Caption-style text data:
*****

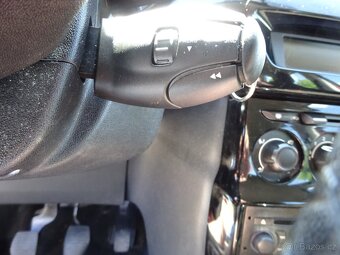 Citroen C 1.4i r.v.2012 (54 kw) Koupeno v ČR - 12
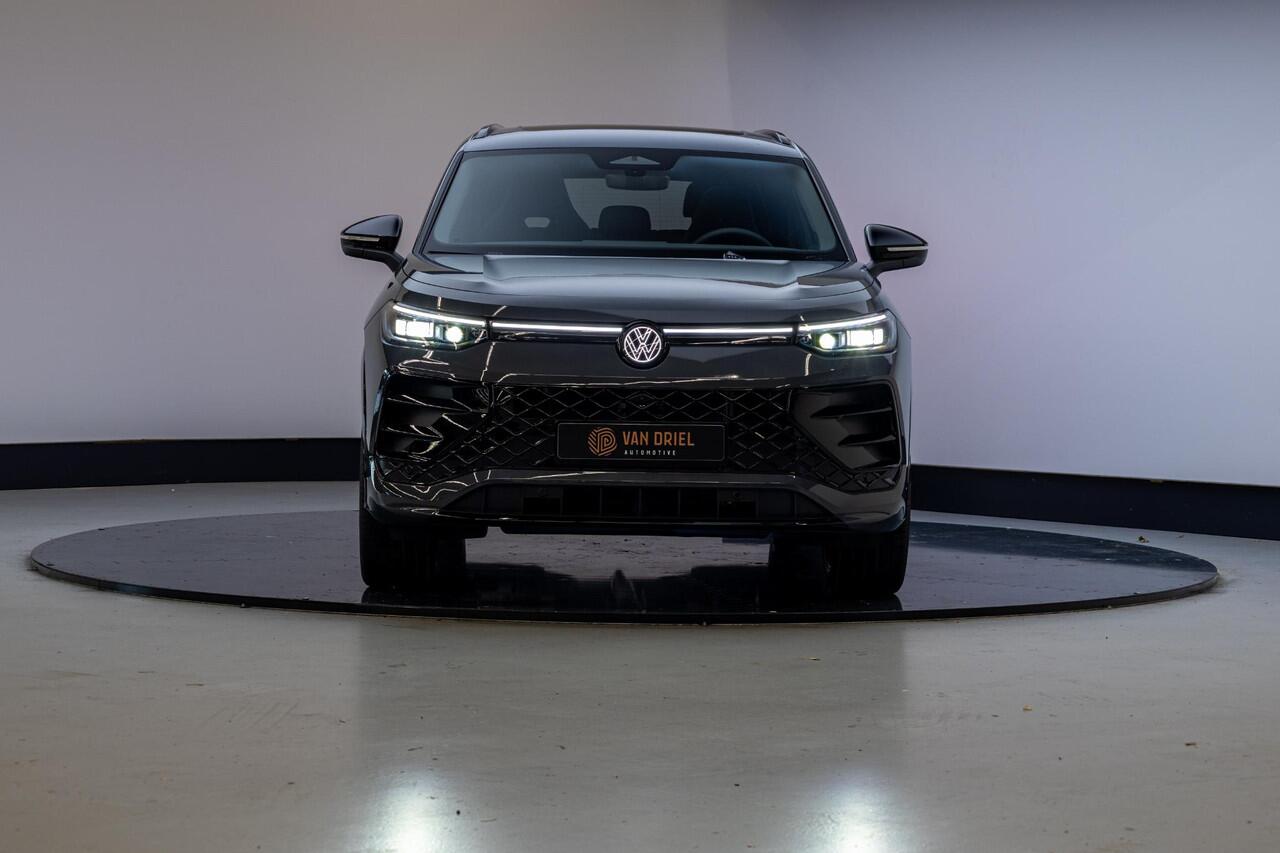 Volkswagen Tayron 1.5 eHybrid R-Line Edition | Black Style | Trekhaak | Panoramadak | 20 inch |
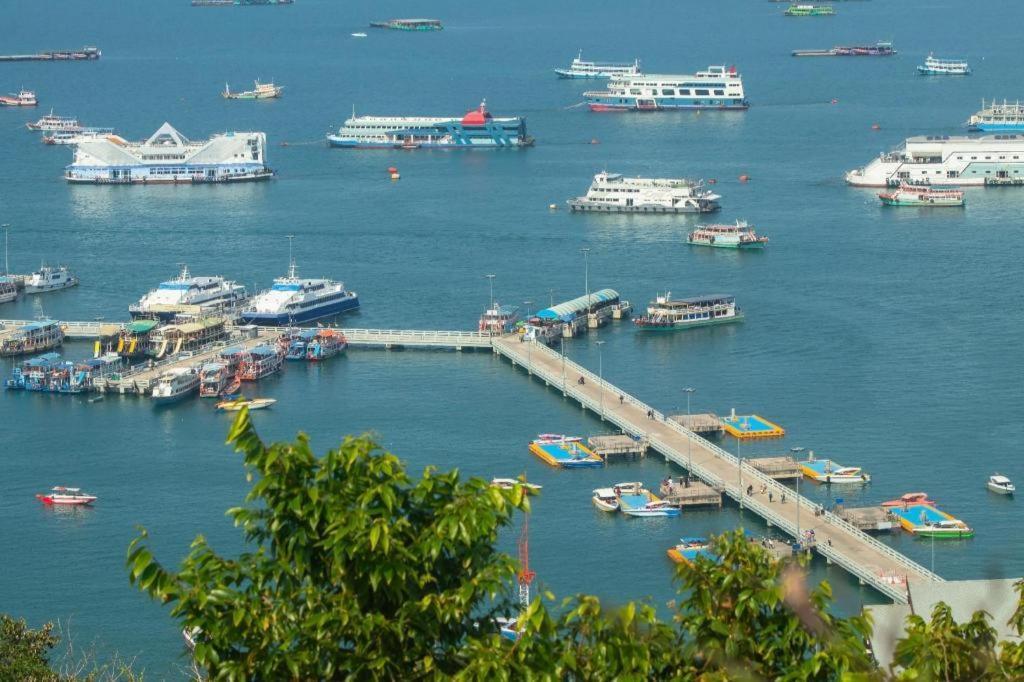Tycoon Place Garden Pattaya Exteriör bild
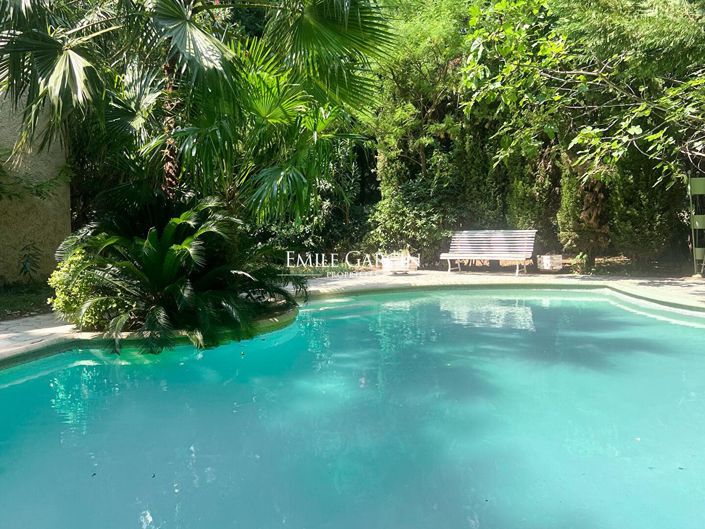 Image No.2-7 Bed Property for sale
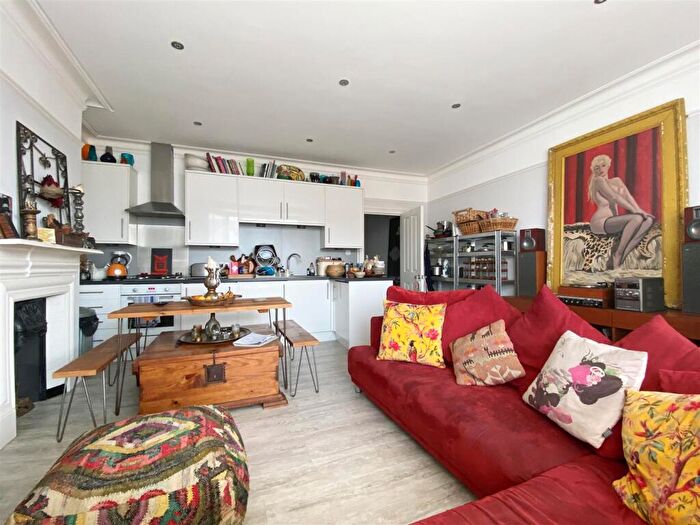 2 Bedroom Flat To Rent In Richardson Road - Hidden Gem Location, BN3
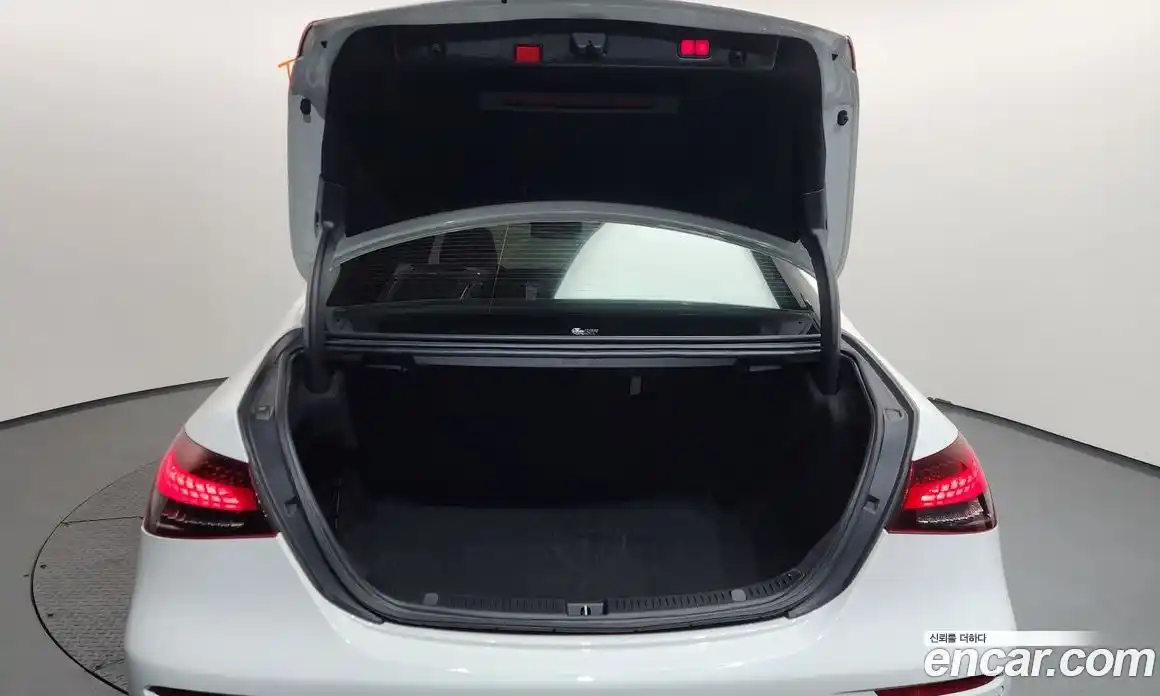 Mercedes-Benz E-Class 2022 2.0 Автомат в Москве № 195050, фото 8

*****

=== Work instructions ===
All of the data should be returned word for word, with each picture left out.

=== Finished exercise ===
 Citroen C 1.4i r.v.2012 (54 kw) Koupeno v ČR - 12
 Volkswagen Tayron 1.5 eHybrid R-Line Edition | Black Style | Trekhaak | Panoramadak | 20 inch |
Tycoon Place Garden Pattaya Exteriör bild
 Image No.2-7 Bed Property for sale
 2 Bedroom Flat To Rent In Richardson Road - Hidden Gem Location, BN3
 Mercedes-Benz E-Class 2022 2.0 Автомат в Москве № 195050, фото 8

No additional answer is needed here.